▶ Exercise requirements: From the entries below, copy out every line with "Measuring" in it.

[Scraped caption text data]

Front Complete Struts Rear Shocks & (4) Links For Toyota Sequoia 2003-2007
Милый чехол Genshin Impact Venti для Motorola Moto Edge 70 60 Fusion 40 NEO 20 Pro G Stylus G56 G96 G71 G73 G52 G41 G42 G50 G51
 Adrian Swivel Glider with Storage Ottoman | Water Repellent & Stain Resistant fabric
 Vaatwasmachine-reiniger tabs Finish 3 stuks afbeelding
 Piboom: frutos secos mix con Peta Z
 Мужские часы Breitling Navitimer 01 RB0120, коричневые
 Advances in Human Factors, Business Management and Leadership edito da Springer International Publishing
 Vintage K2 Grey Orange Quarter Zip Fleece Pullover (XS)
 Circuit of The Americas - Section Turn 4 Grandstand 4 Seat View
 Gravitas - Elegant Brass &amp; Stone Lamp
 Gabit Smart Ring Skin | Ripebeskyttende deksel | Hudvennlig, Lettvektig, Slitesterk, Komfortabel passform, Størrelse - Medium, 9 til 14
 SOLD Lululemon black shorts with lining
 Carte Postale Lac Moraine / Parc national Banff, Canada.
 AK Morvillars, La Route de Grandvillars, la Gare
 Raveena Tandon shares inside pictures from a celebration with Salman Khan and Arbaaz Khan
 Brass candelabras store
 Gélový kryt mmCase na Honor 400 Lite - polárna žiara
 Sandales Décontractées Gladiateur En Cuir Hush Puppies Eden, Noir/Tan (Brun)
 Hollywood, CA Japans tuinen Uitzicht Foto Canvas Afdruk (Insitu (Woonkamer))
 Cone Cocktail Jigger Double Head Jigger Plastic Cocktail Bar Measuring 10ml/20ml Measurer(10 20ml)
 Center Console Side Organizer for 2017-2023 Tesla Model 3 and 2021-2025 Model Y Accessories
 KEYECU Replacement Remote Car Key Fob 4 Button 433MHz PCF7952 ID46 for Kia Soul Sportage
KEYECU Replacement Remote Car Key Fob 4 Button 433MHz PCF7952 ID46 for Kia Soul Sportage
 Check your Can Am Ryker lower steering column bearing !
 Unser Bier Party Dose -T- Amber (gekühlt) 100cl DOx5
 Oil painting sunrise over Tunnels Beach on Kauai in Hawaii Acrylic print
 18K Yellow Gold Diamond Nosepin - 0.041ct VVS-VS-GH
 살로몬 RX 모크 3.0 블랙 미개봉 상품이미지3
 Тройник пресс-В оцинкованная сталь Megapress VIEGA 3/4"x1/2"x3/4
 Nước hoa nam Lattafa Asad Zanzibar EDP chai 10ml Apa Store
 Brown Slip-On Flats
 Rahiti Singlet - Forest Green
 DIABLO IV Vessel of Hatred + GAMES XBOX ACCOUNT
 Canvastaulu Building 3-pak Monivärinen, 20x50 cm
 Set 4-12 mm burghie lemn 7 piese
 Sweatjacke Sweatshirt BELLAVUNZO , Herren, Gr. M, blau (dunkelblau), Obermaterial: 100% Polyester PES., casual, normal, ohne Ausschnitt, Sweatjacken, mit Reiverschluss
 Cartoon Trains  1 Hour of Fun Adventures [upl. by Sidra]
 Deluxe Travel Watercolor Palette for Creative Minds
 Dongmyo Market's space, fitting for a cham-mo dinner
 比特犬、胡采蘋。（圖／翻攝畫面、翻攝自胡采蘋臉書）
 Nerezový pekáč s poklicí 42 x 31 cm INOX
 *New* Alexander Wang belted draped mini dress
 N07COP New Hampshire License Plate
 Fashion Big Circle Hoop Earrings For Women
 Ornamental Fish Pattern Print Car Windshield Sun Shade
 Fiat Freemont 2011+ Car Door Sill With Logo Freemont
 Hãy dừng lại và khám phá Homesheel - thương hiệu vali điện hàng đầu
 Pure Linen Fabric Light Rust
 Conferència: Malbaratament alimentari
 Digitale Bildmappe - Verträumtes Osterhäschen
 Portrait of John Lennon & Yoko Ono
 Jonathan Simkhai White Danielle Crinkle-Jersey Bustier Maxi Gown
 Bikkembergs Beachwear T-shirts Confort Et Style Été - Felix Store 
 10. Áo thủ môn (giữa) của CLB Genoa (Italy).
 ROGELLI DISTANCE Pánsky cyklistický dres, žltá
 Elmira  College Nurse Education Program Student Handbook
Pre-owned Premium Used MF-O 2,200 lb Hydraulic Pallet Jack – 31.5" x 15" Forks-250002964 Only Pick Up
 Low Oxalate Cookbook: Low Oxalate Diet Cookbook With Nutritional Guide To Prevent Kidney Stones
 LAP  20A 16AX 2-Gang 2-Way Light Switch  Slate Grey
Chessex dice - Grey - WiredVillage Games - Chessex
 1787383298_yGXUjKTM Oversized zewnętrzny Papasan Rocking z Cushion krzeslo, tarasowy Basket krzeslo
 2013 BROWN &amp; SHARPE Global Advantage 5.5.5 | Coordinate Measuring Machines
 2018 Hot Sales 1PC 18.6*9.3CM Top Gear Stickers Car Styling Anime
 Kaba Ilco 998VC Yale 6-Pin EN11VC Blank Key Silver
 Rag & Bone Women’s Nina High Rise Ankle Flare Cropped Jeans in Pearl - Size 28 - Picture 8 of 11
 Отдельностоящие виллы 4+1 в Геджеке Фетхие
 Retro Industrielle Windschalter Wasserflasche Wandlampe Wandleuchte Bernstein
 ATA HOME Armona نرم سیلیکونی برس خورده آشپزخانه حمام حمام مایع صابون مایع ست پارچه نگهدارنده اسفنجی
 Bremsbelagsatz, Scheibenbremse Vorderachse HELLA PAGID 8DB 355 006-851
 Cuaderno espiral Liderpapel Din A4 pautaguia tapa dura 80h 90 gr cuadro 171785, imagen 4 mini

▶ Your solution:
 Cone Cocktail Jigger Double Head Jigger Plastic Cocktail Bar Measuring 10ml/20ml Measurer(10 20ml)
 2013 BROWN &amp; SHARPE Global Advantage 5.5.5 | Coordinate Measuring Machines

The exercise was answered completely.